Exact transcription with no images: write out all of the entries below.

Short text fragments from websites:
▽
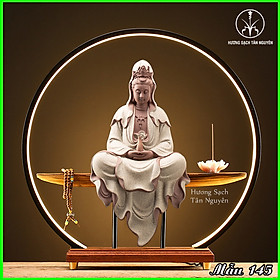 Mua Thác khói trầm hương đèn led Tân Nguyên  tượng Phật Bà Quan Âm  đèn hào quang Phật  kèm hoa sen  chuỗi hạt TK145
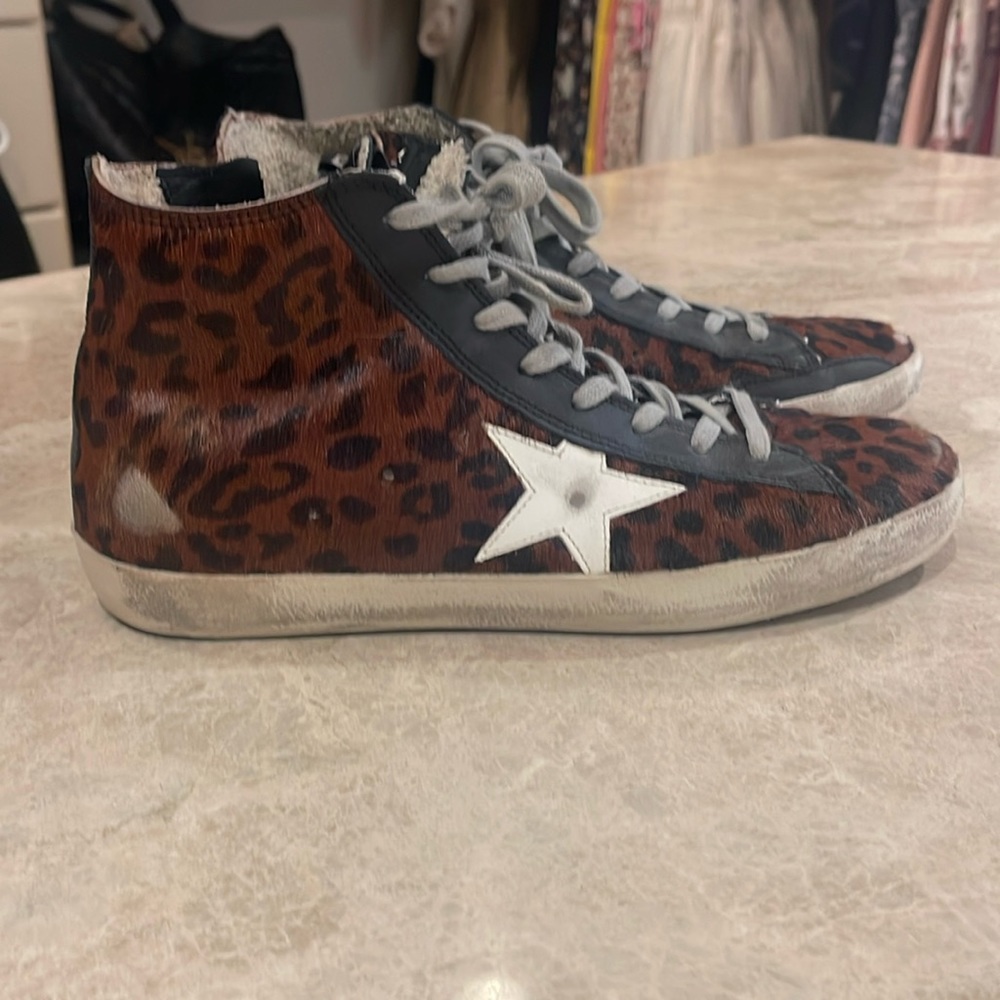 Golden goose leopard velvet sneakers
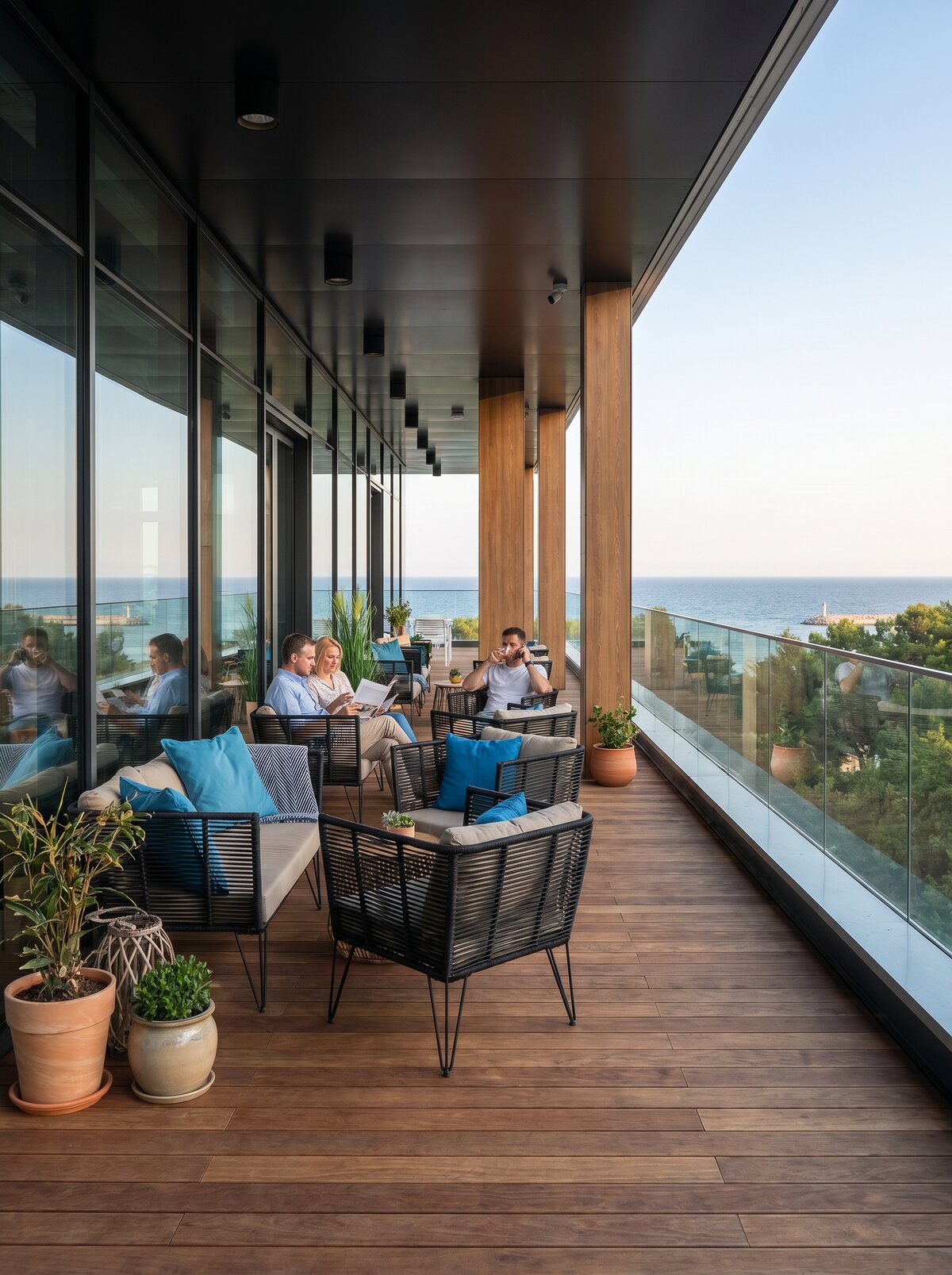 Eksklusives fertiges Stelzlager-Terrasse mit Meerblick in r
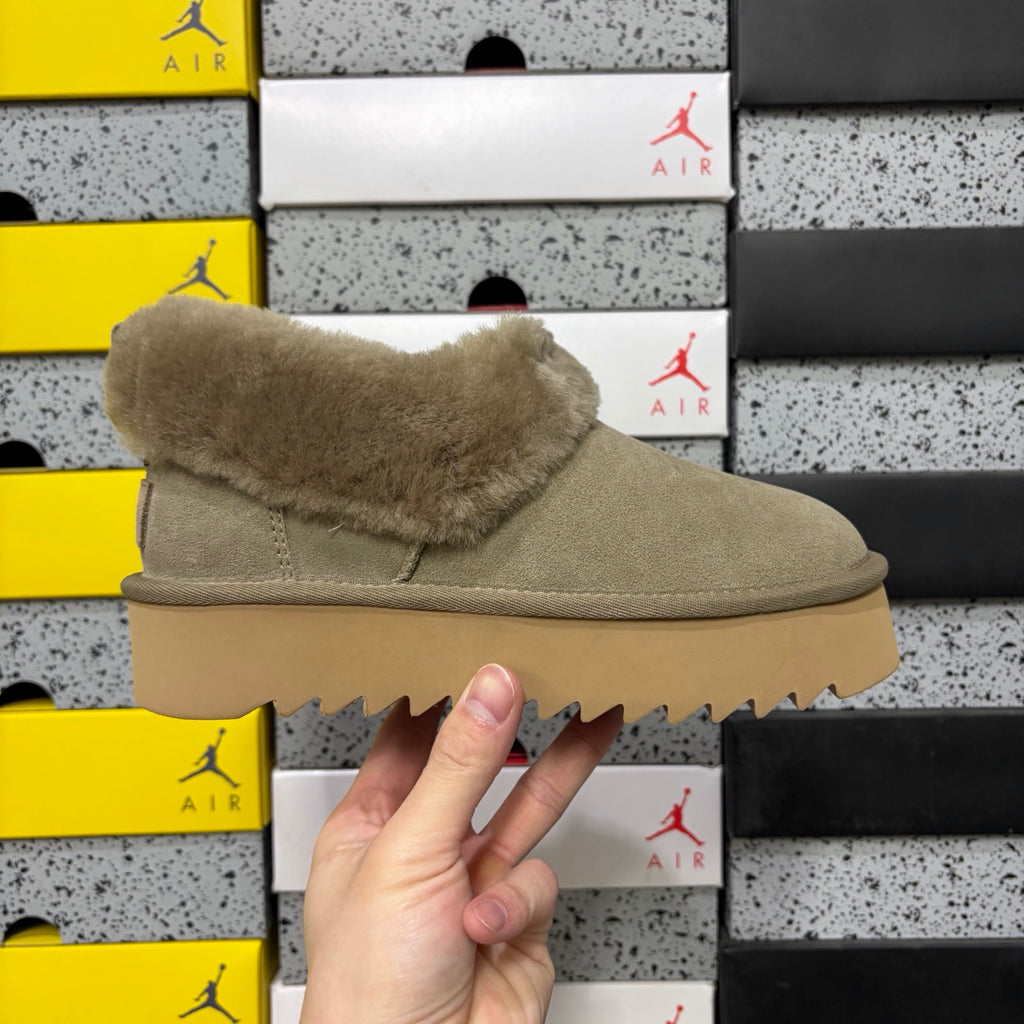 UGG Fluffy-Collar Platform Slip-On Shoes in Taupe Brown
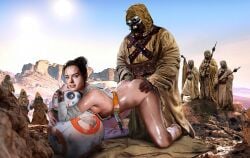 1girls 2d 6+boys all_fours ambiguous_penetration astromech_droid bare_shoulders bb-8 bedroom_eyes big_ass brown_robe color dark-skinned_male day daytime desert doggy_style droid exhibitionism female functionally_nude_female glowing_eyes hair_bun hood_up hooded_robe human human_penetrated interspecies jawa looking_back_at_partner looking_pleasured loving_it medium_breasts narrowed_eyes negisaray no_bra on_model outdoor_sex public_sex realistic rey robot scantily_clad shiny_skin sideboob slim small_breasts small_waist star_wars sweat tagme thick_thighs tusken_raider watching_sex wide_hips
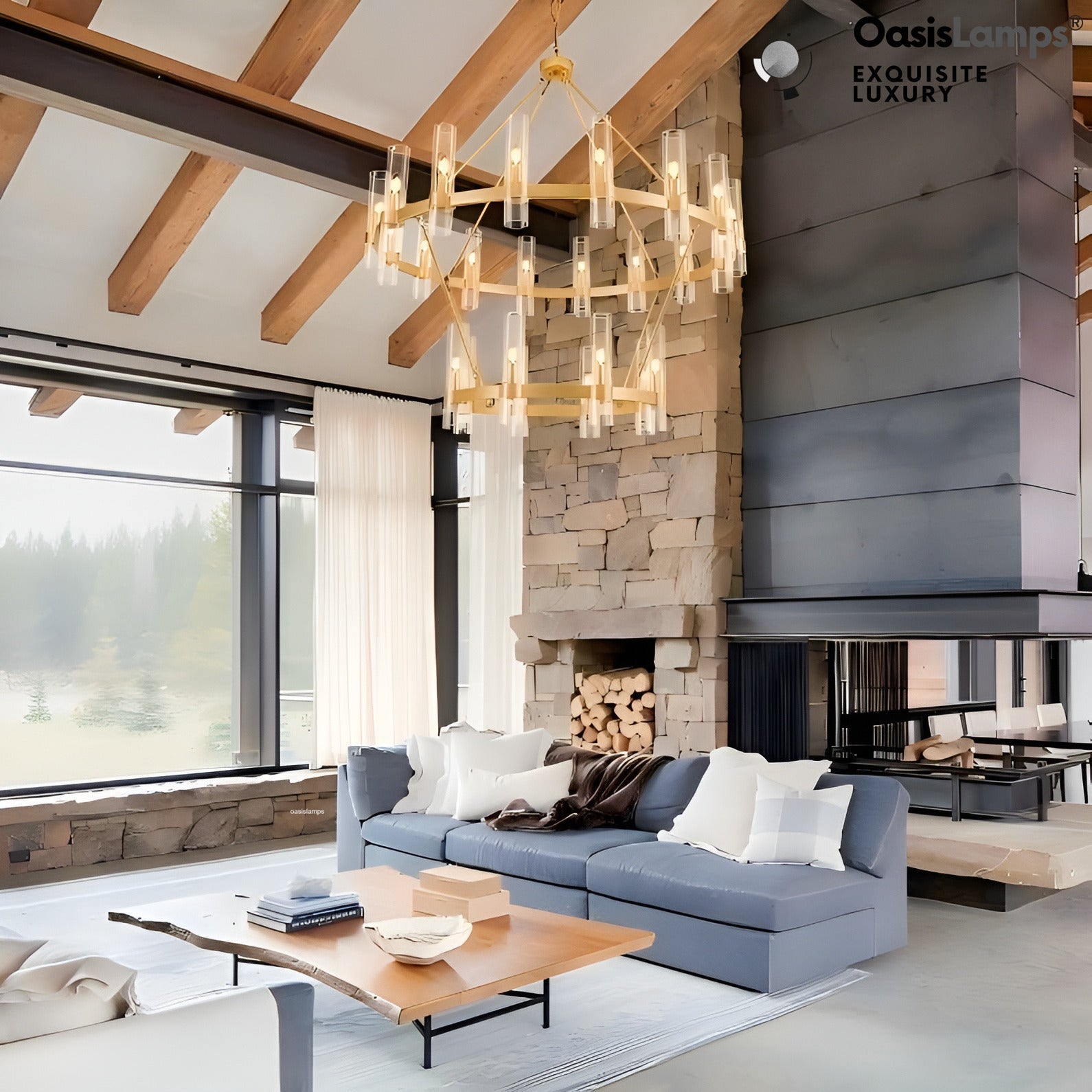 Cylora 2-Tier Glass Tube Round Chandelier 48" 60"D#finish_brass,size_48"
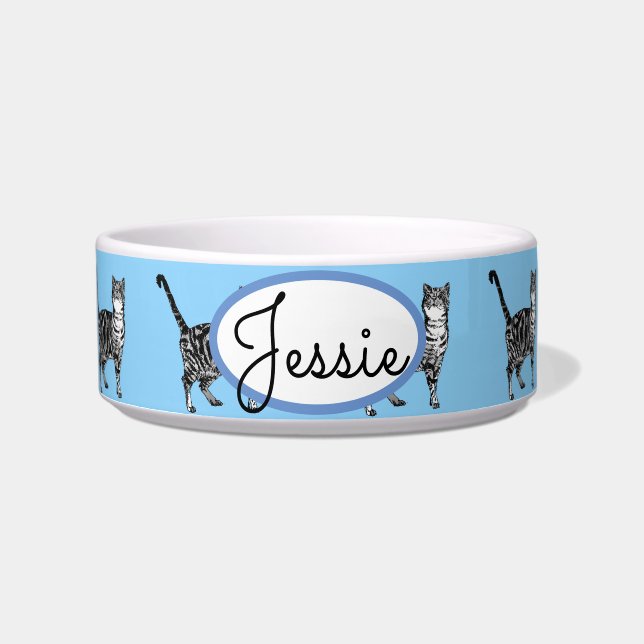 Tigela Tabby Cat Cats Animal Pastel Blue Cute Pet Name (Frente)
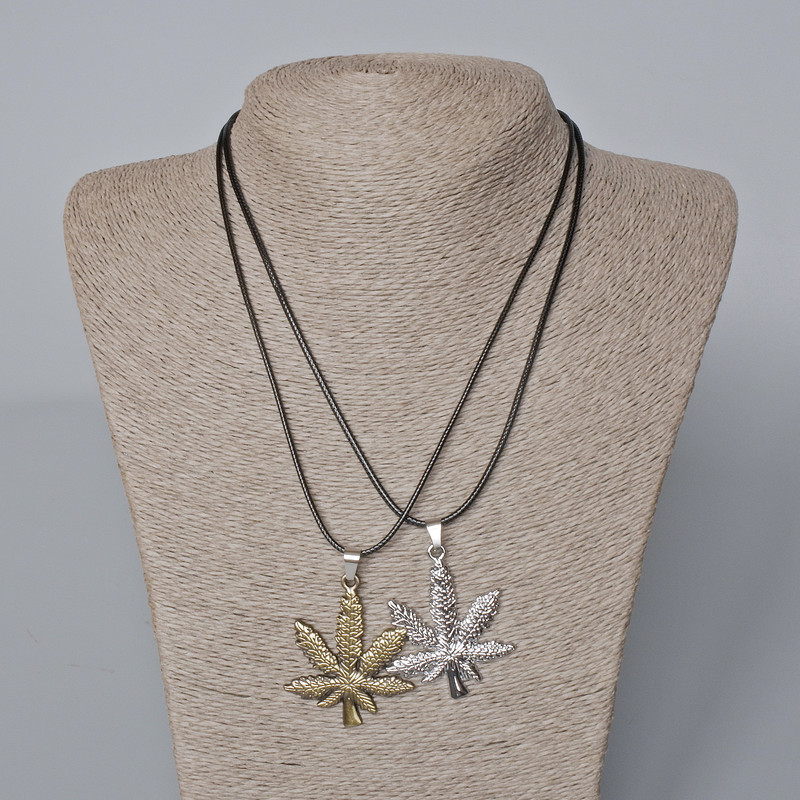 Pair of pendants “Hemp leaf” bronze and silver metal 44x37mm+, length 45-50cm+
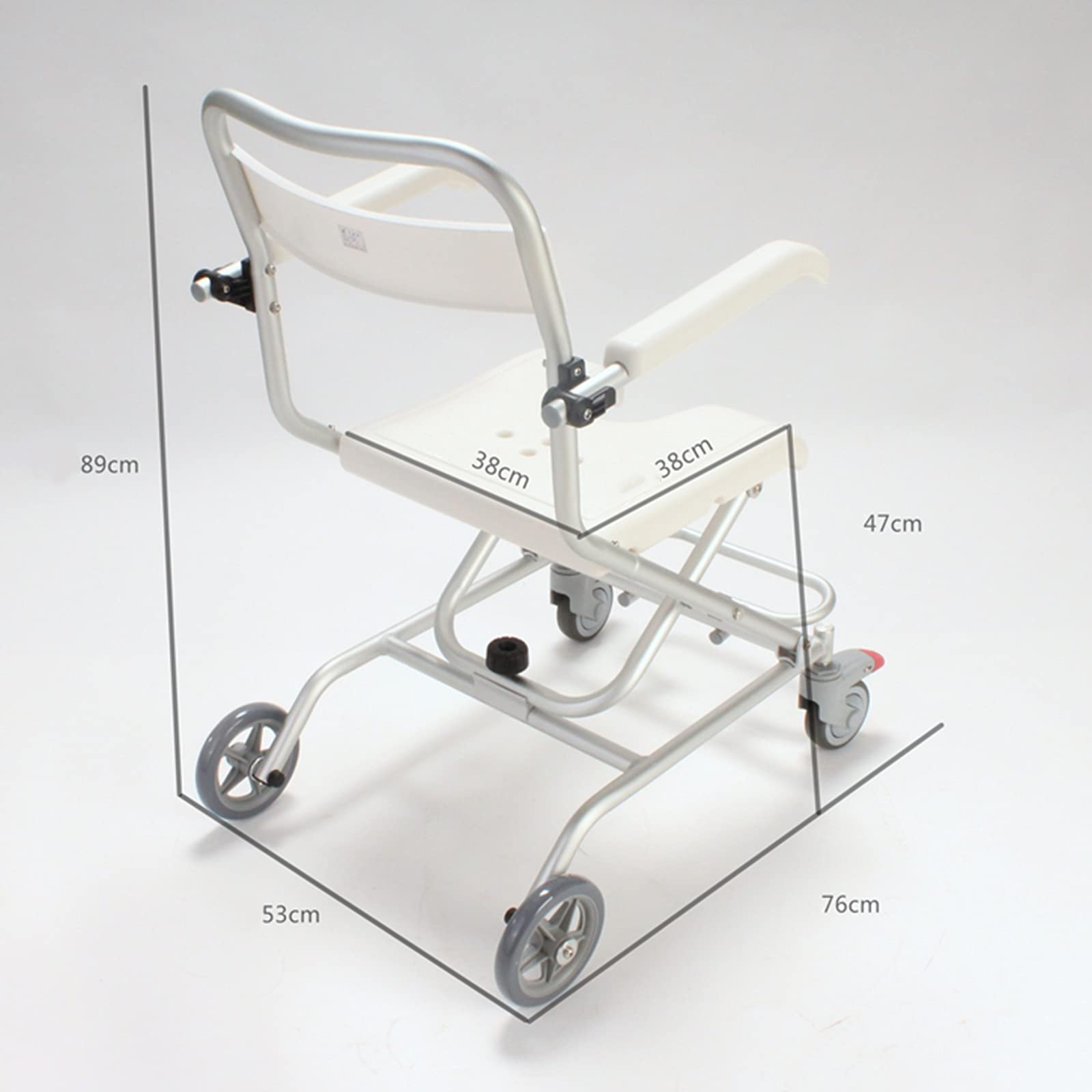 IELSH Foldable Wheelchair Shower Stool with Wheels - Adjustable Bath Seat for Elderly & Disabled, Flip-up Arms & Ergonomic Back Support - Dual Function Wheelchair & Shower Chair (Ideal for Bathroom Safety & Mobility Assistance)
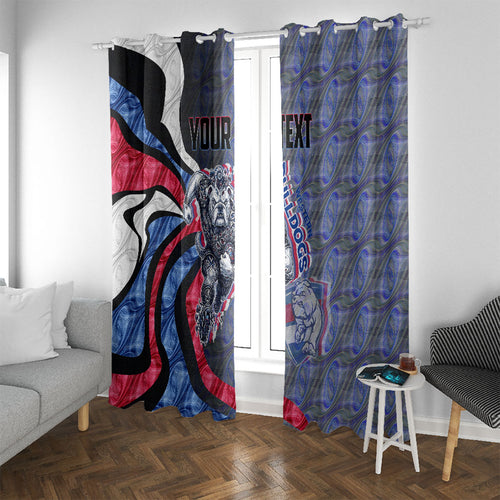 Personalised Western Bulldogs Window Curtain Trippy Psychedelic Abstract Art Mascot Football Fans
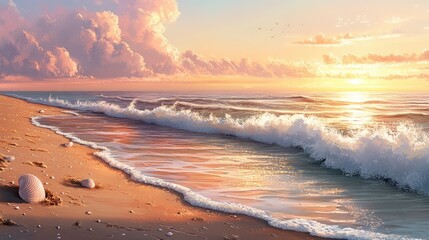 Seascape Sunset: Tranquil Beach at Golden Hour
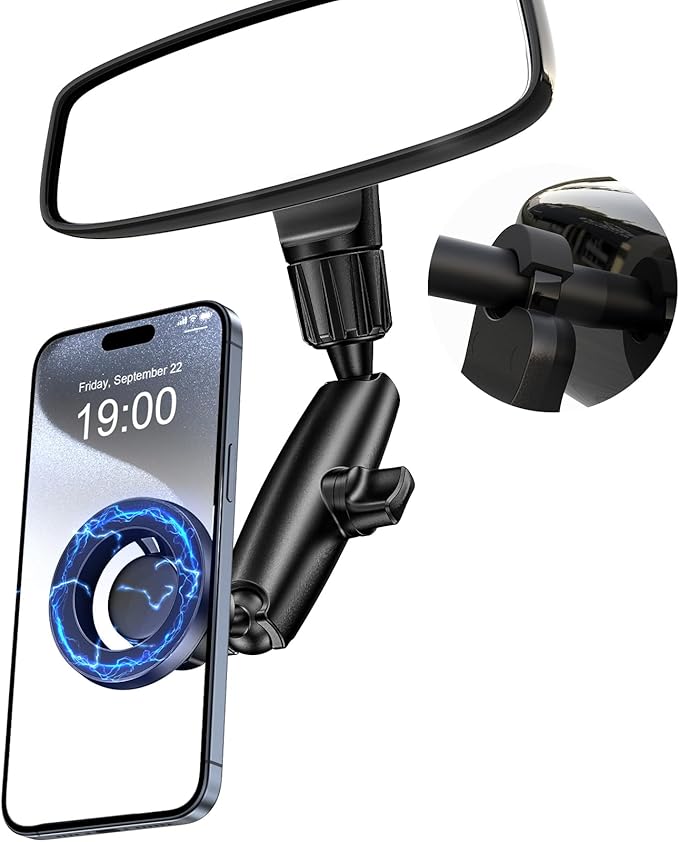 Magnetic Phone Holder for Car, Rear View Mirror Phone Holder, 360° Rotating Car Phone Mount, Compatible with iPhone 17/16/15/14/13/12 Series and All Phones with Magsafe Case or Metal Ring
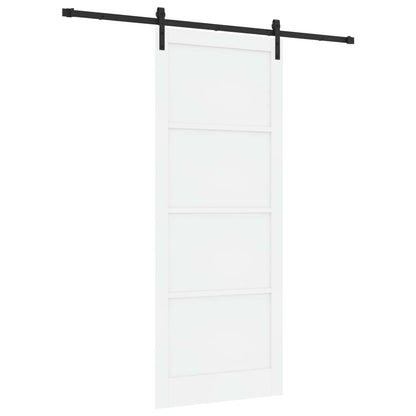 Sliding Door 93 x 232 cm Engineered Wood White and Black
△
** Answer to this task **
 Mua Thác khói trầm hương đèn led Tân Nguyên  tượng Phật Bà Quan Âm  đèn hào quang Phật  kèm hoa sen  chuỗi hạt TK145
 Golden goose leopard velvet sneakers
 Eksklusives fertiges Stelzlager-Terrasse mit Meerblick in r
 UGG Fluffy-Collar Platform Slip-On Shoes in Taupe Brown
 1girls 2d 6+boys all_fours ambiguous_penetration astromech_droid bare_shoulders bb-8 bedroom_eyes big_ass brown_robe color dark-skinned_male day daytime desert doggy_style droid exhibitionism female functionally_nude_female glowing_eyes hair_bun hood_up hooded_robe human human_penetrated interspecies jawa looking_back_at_partner looking_pleasured loving_it medium_breasts narrowed_eyes negisaray no_bra on_model outdoor_sex public_sex realistic rey robot scantily_clad shiny_skin sideboob slim small_breasts small_waist star_wars sweat tagme thick_thighs tusken_raider watching_sex wide_hips
 Cylora 2-Tier Glass Tube Round Chandelier 48" 60"D#finish_brass,size_48"
 Tigela Tabby Cat Cats Animal Pastel Blue Cute Pet Name (Frente)
 Pair of pendants “Hemp leaf” bronze and silver metal 44x37mm+, length 45-50cm+
 IELSH Foldable Wheelchair Shower Stool with Wheels - Adjustable Bath Seat for Elderly & Disabled, Flip-up Arms & Ergonomic Back Support - Dual Function Wheelchair & Shower Chair (Ideal for Bathroom Safety & Mobility Assistance)
 Personalised Western Bulldogs Window Curtain Trippy Psychedelic Abstract Art Mascot Football Fans
 Seascape Sunset: Tranquil Beach at Golden Hour
 Magnetic Phone Holder for Car, Rear View Mirror Phone Holder, 360° Rotating Car Phone Mount, Compatible with iPhone 17/16/15/14/13/12 Series and All Phones with Magsafe Case or Metal Ring
 Sliding Door 93 x 232 cm Engineered Wood White and Black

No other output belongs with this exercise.